VGGNetwork(NeuralNetworkArchitecture<T>, VGGConfiguration, IGradientBasedOptimizer<T, Tensor<T>, Tensor<T>>?, ILossFunction<T>?, double)

Initializes a new instance of the VGGNetwork class.

public VGGNetwork(NeuralNetworkArchitecture<T> architecture, VGGConfiguration configuration, IGradientBasedOptimizer<T, Tensor<T>, Tensor<T>>? optimizer = null, ILossFunction<T>? lossFunction = null, double maxGradNorm = 1)

Parameters

architecture NeuralNetworkArchitecture<T>

The architecture defining the structure of the neural network.

configuration VGGConfiguration

The VGG-specific configuration.

optimizer IGradientBasedOptimizer<T, Tensor<T>, Tensor<T>>

Optional optimizer for training (default: Adam).

lossFunction ILossFunction<T>

Optional loss function (default: based on task type).

maxGradNorm double

Maximum gradient norm for gradient clipping (default: 1.0).

Remarks

VGG networks require three-dimensional input data (channels, height, width).

For Beginners: When creating a VGG network, you need to provide:

  • An architecture object that describes the input/output dimensions
  • A configuration that specifies which VGG variant to use
  • Optionally, custom optimizer and loss function (good defaults are provided)

Exceptions

InvalidInputTypeException

Thrown when the input type is not three-dimensional.

ArgumentNullException

Thrown when configuration is null.

Properties

NumClasses

Gets the number of output classes for classification.

public int NumClasses { get; }

Property Value

int

UsesBatchNormalization

Gets whether this network uses batch normalization.
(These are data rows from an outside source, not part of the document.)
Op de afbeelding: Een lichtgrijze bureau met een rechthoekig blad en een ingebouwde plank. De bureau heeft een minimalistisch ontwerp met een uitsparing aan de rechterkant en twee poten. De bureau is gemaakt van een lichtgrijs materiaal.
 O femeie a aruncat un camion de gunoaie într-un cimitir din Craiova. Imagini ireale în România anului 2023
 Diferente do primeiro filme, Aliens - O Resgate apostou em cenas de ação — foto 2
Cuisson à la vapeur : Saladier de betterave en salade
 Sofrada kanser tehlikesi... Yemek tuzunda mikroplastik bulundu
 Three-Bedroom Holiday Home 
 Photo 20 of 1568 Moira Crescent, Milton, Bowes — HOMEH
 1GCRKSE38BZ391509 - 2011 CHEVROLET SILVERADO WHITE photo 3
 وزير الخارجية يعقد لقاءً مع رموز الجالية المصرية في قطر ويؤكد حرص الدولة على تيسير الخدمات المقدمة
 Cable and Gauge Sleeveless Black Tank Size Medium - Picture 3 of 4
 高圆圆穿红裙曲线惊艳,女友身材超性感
public bool UsesBatchNormalization { get; }

Property Value

bool

Remarks

For Beginners: Batch normalization is a technique that normalizes layer inputs, making training faster and more stable. VGG variants ending in "_BN" use this.

Variant

Gets the VGG variant being used.

public VGGVariant Variant { get; }

Property Value

VGGVariant

Remarks

For Beginners: The variant determines how deep the network is (VGG11, 13, 16, or 19) and whether batch normalization is used (variants ending in _BN).

Methods

Backward(Tensor<T>)

Performs a backward pass through the network to calculate gradients.

public Tensor<T> Backward(Tensor<T> outputGradient)

Parameters

outputGradient Tensor<T>

The gradient of the loss with respect to the network's output.

Returns

Tensor<T>

The gradient of the loss with respect to the network's input.

Remarks

The backward pass propagates gradients through each layer in reverse order, computing the gradients needed for parameter updates during training.

For Beginners: This is how the network learns from its mistakes. After making a prediction, we calculate how wrong it was, and this method propagates that error backward through all the layers so each layer knows how to adjust its weights.

CreateNewInstance()

Creates a new instance of the VGG network model.

protected override IFullModel<T, Tensor<T>, Tensor<T>> CreateNewInstance()

Returns

IFullModel<T, Tensor<T>, Tensor<T>>

A new instance of the VGG network with the same configuration.

DeserializeNetworkSpecificData(BinaryReader)

Deserializes VGG network-specific data from a binary reader.

protected override void DeserializeNetworkSpecificData(BinaryReader reader)

Parameters

reader BinaryReader

Forward(Tensor<T>)

Performs a forward pass through the VGG network with the given input tensor.

public Tensor<T> Forward(Tensor<T> input)

Parameters

input Tensor<T>

The input tensor to process (shape: [channels, height, width] for a single example, or [batch, channels, height, width] for a batch; a missing batch dimension is added internally).

Returns

Tensor<T>

The output tensor after processing through all layers.

Remarks

The forward pass sequentially processes the input through each layer of the network: convolution blocks, pooling, fully connected layers, and produces class probabilities.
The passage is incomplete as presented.